A resilient approach to integrated water resources management in water scarce basins

  • F Yazdandoost
  • S Moradian
Keywords: Resilience, Resilient risk management, Water scarce basin, Lakes


Resistance is defined as the ability of a system to withstand a disturbance without any reaction, and resilience as the ability of a system to recover easily from a reaction to a disturbance. These concepts are often applied to risk management by adopting a systems approach. The system may be defined as the socio-economic and physical characteristics of the basin where disturbances may affect the normal socio-economic and natural functioning of society and ecosystems.
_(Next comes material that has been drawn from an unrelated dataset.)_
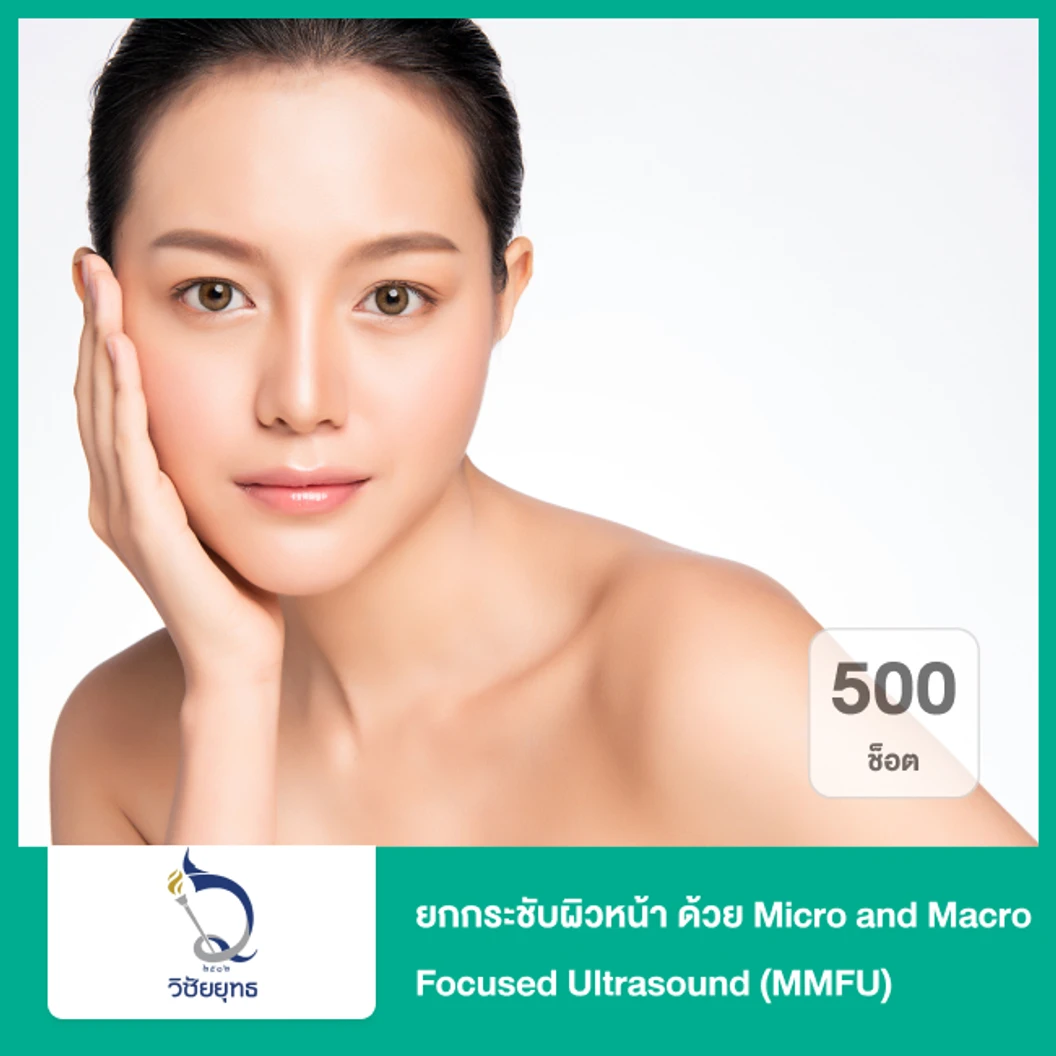 ยกกระชับผิวหน้า ด้วย Micro and Macro Focused Ultrasound (MMFU) 500 ช็อต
To make the resilience concept more tangible, indicators are defined and to quantify resilience, the aspects which give insight into the reaction of systems are studied and quantified. These aspects were taken as; “Amplitude”: The magnitude of the reaction, “Gradualist”: The increase of reactions with increasingly severe conditions and “Recovery Rate”. The resilience of a system is presumed to be larger when the amplitude is smaller, the gradualist is larger or/and the recovery rate is larger. A toolbox has been developed to investigate the role of resilient risk management on decision/policy making in semi-arid basins facing water scarcity. The toolbox comprises an allocation model, namely the Water Evaluation and Planning System (WEAP) model, as the central engine where water management scenarios and the effect of proposed developments on water resources may be investigated in an integrated manner based on sustainability criteria encompassing socioeconomic and environmental characteristics of the basin.

The toolbox has been utilized for the case of Lake Urmia basin. Lake Urmia, one of the largest saltwater lakes on earth and a highly endangered ecosystem, is on the brink of desiccation. Considering no significant trend in the drought pattern, Lake Urmia's observed physiographic changes may be attributed to the adverse effects of unsustainable development plans and excessive irrigation projects in the basin. To combat this potential catastrophe, the authorities have taken rapid action in drastically curbing dam construction and utilisation and to reduce the overall agricultural allocation by 40% in Lake Urmia basin. The results obtained from the proposed toolbox indicates that adopting a resilient risk management approach would imply that, for instance for the critically important issue of agriculture with possible grave social implications, the same outcomes for the lake’s water demand may be reached through far less reduction.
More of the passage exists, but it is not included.